(Data excerpts)
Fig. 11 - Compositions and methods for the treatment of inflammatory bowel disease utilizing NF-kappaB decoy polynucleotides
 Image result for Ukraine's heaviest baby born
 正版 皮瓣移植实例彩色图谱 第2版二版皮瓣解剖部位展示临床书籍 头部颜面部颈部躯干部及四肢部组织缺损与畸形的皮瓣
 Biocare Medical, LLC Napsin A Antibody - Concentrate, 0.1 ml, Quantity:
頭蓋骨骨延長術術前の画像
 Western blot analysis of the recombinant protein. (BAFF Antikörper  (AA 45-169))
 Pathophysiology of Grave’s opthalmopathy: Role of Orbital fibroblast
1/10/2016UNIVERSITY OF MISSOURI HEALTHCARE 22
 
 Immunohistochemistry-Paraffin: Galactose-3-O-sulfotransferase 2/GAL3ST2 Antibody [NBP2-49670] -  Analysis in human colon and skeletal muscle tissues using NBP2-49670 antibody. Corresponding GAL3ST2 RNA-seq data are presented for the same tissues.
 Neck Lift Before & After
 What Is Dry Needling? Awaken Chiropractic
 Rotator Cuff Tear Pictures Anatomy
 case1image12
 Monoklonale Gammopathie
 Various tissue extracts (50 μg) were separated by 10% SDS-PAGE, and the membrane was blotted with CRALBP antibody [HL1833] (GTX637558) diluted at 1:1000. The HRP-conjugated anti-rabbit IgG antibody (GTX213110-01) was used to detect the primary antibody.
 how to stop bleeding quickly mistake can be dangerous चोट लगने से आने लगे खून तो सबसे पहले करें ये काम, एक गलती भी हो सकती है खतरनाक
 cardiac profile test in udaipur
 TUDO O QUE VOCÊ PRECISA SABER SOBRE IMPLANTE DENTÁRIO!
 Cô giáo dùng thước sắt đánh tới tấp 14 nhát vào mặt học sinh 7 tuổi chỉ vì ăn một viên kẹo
(End Data excerpts)
◆ How to complete this task
Between the first line of the entries above and the line with "Pathophysiology of Grave’s", both included, copy every line exactly and nothing outside that range.

◆ Task solution
Fig. 11 - Compositions and methods for the treatment of inflammatory bowel disease utilizing NF-kappaB decoy polynucleotides
 Image result for Ukraine's heaviest baby born
 正版 皮瓣移植实例彩色图谱 第2版二版皮瓣解剖部位展示临床书籍 头部颜面部颈部躯干部及四肢部组织缺损与畸形的皮瓣
 Biocare Medical, LLC Napsin A Antibody - Concentrate, 0.1 ml, Quantity:
頭蓋骨骨延長術術前の画像
 Western blot analysis of the recombinant protein. (BAFF Antikörper  (AA 45-169))
 Pathophysiology of Grave’s opthalmopathy: Role of Orbital fibroblast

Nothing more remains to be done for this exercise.